Through the ideals proposed by Social Darwinism and eugenics mixed with Hitler’s push to produce the ideology of the Aryan race, German law and policy eventually turned into the slaughtering of innocent people. The attitudes of professionals to actually go along with this were spawned from the widely discussed and debated article of Binding and Hoche, which stated that people with disabilities were “unworthy of life,” were actually backed by academia and families of the disabled, reflected in a idely used survey by Ewald Meltzer that showed many families had some “positive feelings” towards killing their respective relative that was living in an asylum. Laws were made no less than 6 months after Hitler came to power including judges and physicians legally making decisions on who should be sterilized and no longer allowed to reproduce. Nazi propaganda soon took over the German peoples’ psyche as a whole, and people with disabilities were viewed as unequal, crimal, in a lower economic class, different, and even criminal who were not worthy of life. . Has anything like this taken place to any degree in the United States? Can this happen again in this country? Is there any reason for us to be concerned about the ability of our government to make life and death decisions that affect those individuals in our society who are more vulnerable or different than we may be? To a degree the way that this country was settled can draw parallels with what happened in the 1920s and 1930s in Germany.

We invaded and took over lands that were already inhabited by indigenous peoples, then forced them out, treated them as unequal human beings, and tried to kill them. It may not has leaned as heavily on the scientific and political communities to agree with the idea of genocide, but the settlers all agreed on doing just that to the Native Americans in North America. Once an established country, slavery in the 1800s and into the 1900s, and civil rights and inequalities and racial prejudice in America also has mirrored root ideas in human inequality, and slavery was legal and supported by our government.

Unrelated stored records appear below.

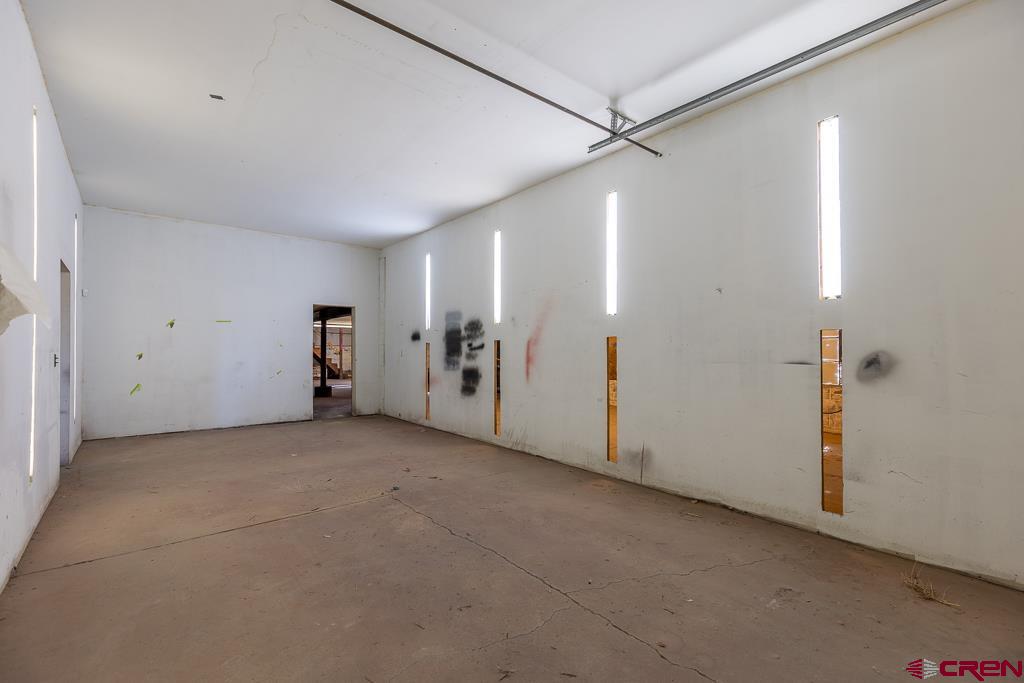 27 S Broadway Property Photo 21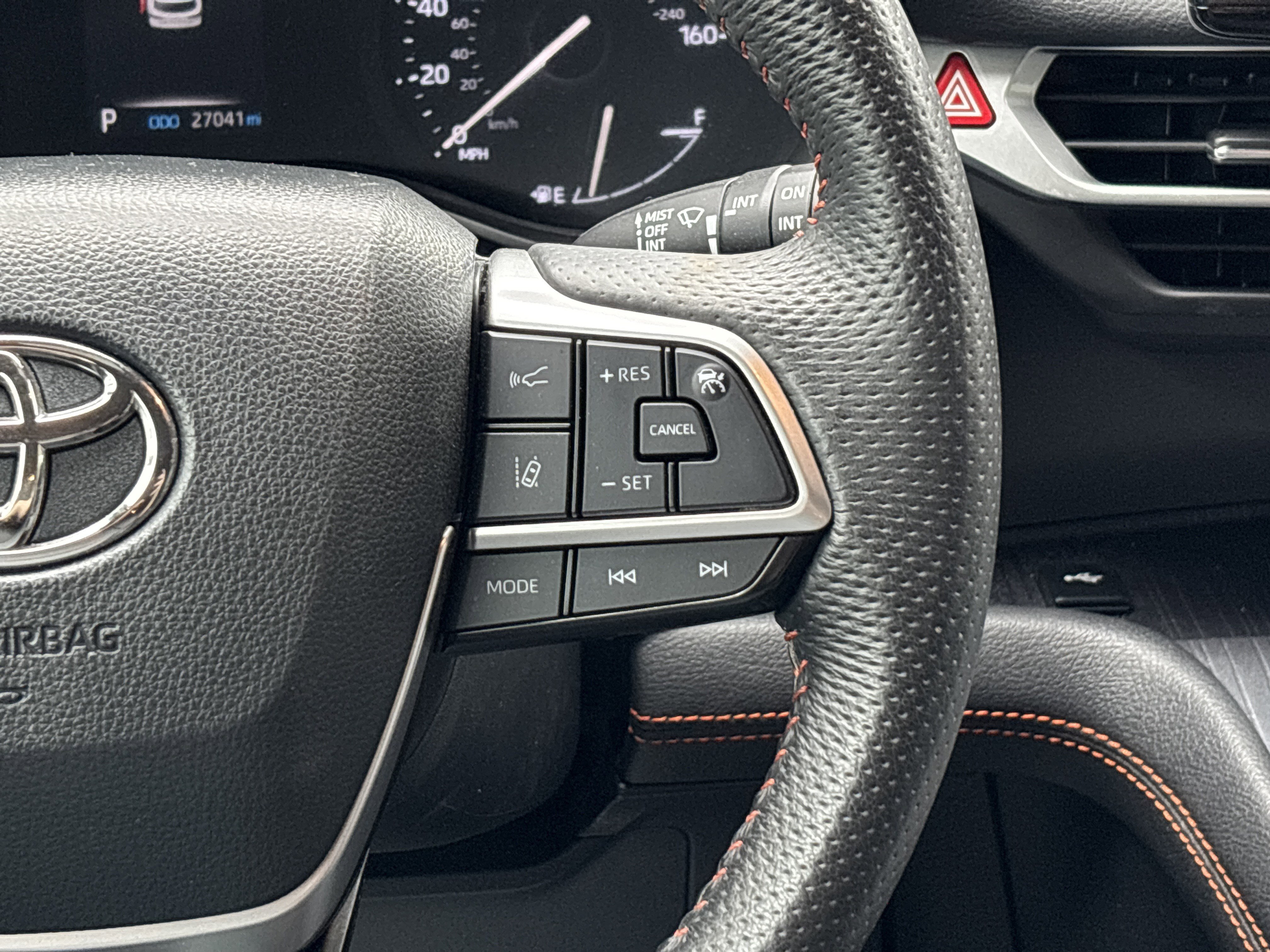 Used 2024 Toyota Sienna XSE FWD image 19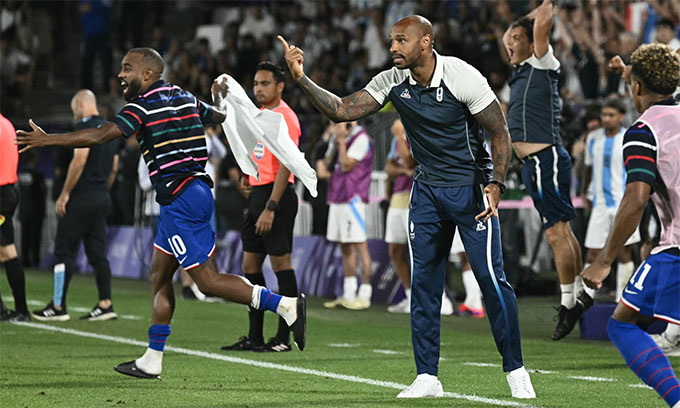 Quên Zidane đi, Henry mới xứng đáng kế nhiệm Deschamps!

I do not believe that anything such as slavery or genocide could happen in our country, we did not come this far to go back to something so horrific, but I do believe that social inequality still exists with diverse groups in America including but not limited to people with disabilities, , minority groups racially, ethnically, religiously, and any group of people that is seen as “different”. The government does in a way possess the ability to make life or death decisions with the death penalty in our legal system.

But I do not believe that that law is in any way similar to what happened with the killing of innocent people in Germany. 4. Has history repeated itself since the end of World War II? If so, why do you think it occurred? I believe that history in ways has repeated itself in the genocide of millions of innocent people in Rwanda in 1994. The civil strife between the two ethnic groups in the country for years had been a problem, and sadly I believe it occurred when the wrong people were brought to positions of power in a country that is drastically poor and underdeveloped.

The people that were being killed had no protection and no help from anyone for such a long time, and the history of the fighting in the country made for one of the most horrific genocides the world has ever seen. One could draw a resemblance between the National Socialists coming into power with the governing body that overtook Rwanda and began the genocide. What does this article mean to you as a teacher?

To me this article made me upset to the point that I had to stop reading it when it went into detail about the killing of children in asylums throughout the country, specifically the recollection of the tour of the children’s asylum. Working with the children that I work with on a daily basis as a IRR paraprofessional in an elementary school and seeing them learn and grow is something that I cherish as an adult, as a human being, and as a teacher. I find joy in teaching and helping children, and this article literally sickened me that it was at one time a reality and known and accepted by an entire country.